‘Lorne’ Film Review
by William Lindus
Live, from your local movie theater… it’s movie night!!!
There’s a strong temptation to structure a review of LORNE like an opening monologue - lean into the rhythms, wink at the audience, maybe toss in a self-aware aside or two à la Saturday Night Live. The film itself certainly invites that tone. But in the interest of clarity (and mercy), we’ll keep things mostly grounded - though if a stray joke sneaks in like an under-rehearsed Weekend Update bit, consider it part of the experience.
For all its strengths, LORNE stumbles into a trap comedians spend careers trying to avoid: bad timing.
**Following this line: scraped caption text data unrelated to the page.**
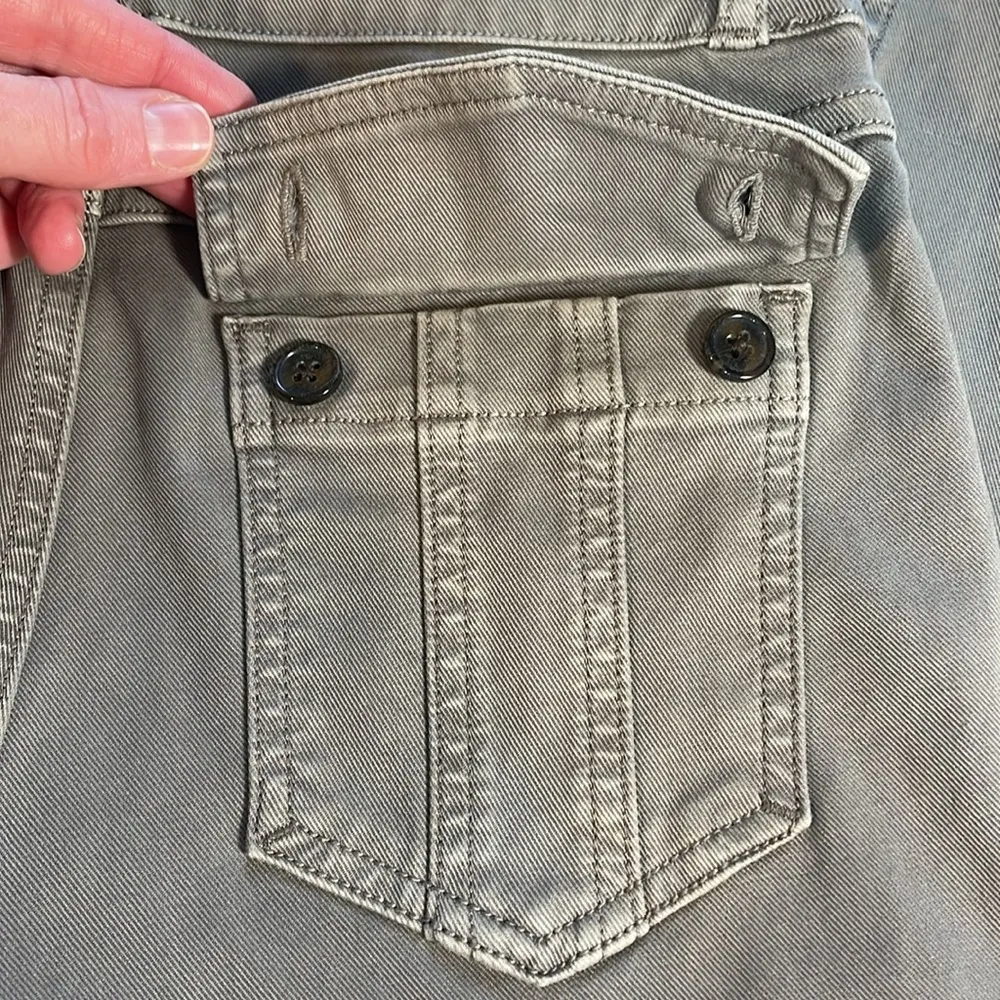 Spanx Stretch Twill Ankle Cargo Pants Patch and Button Flap Pockets Gray/Green S - Image 12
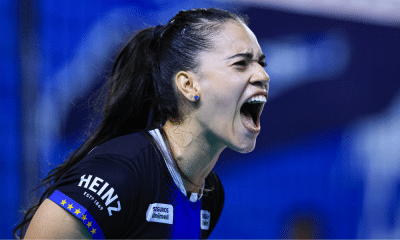 Carol Grossi, do Pinheiros, comemora ponto contra o Brasília na Superliga Feminina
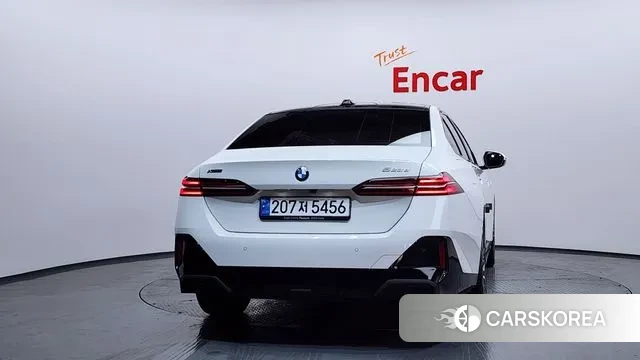 BMW 5 Series (G60) id 3523529 из Кореи 14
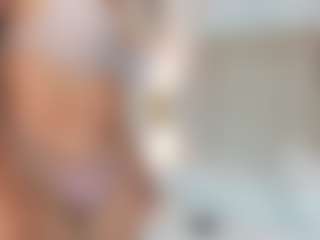 Mia Thompson's Live Sex Cam Show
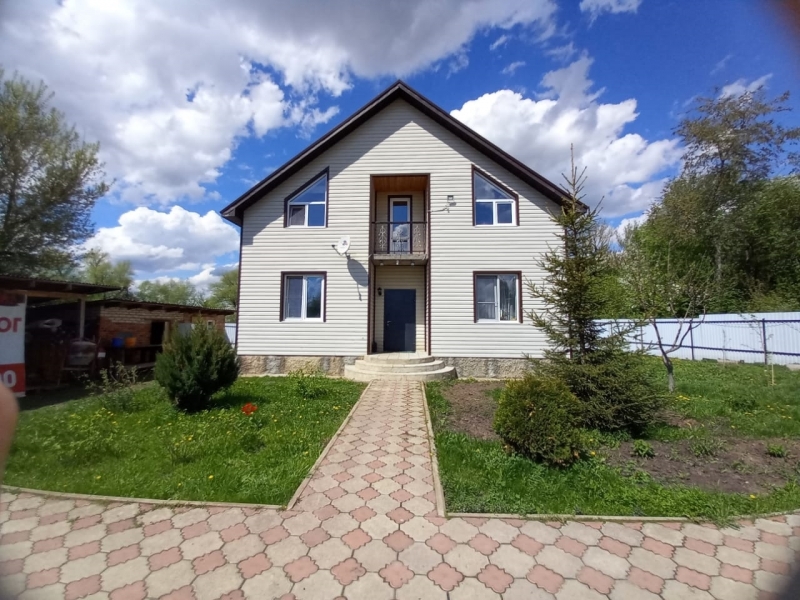 Продается отличный жилой дом с отделкой в г.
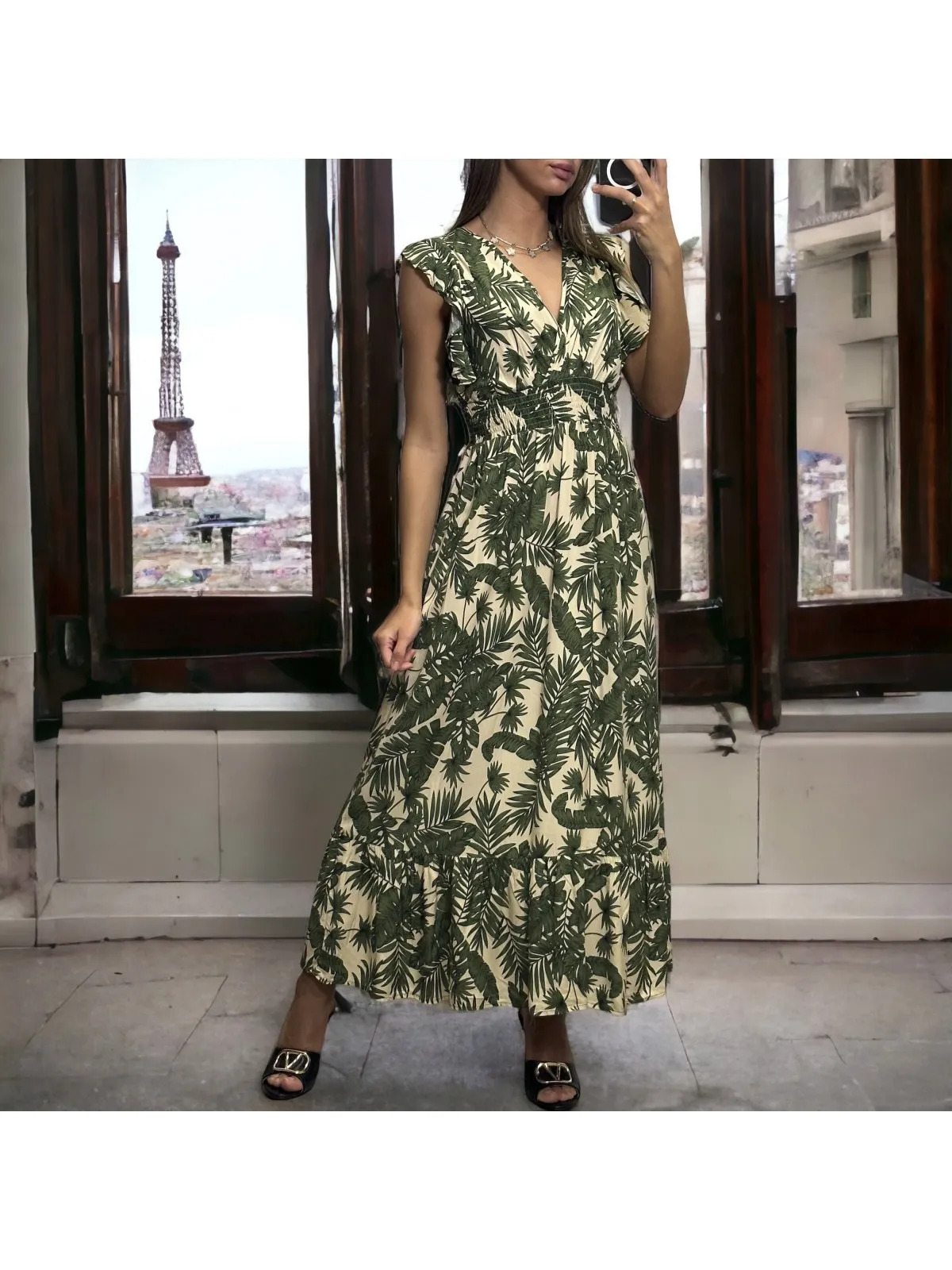 Longue robe motif feuille verte croisé et froncé à la taille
Coming on the heels of SNL’s 50th anniversary, the documentary retreads ground already covered by Peacock’s trio of mini-docs, which explored the show’s chaotic weekly production cycle, the evolution of its talent pipeline, and the infamous early-’80s “disaster year.” Add to that last year’s dramatized Saturday Night, which chronicled the high-wire panic leading up to the show’s first broadcast, and you start to wonder: hasn’t this material already had its curtain call?
At moments, LORNE feels like the sketch that airs at 12:55 a.m. - not bad, just a little late to the party.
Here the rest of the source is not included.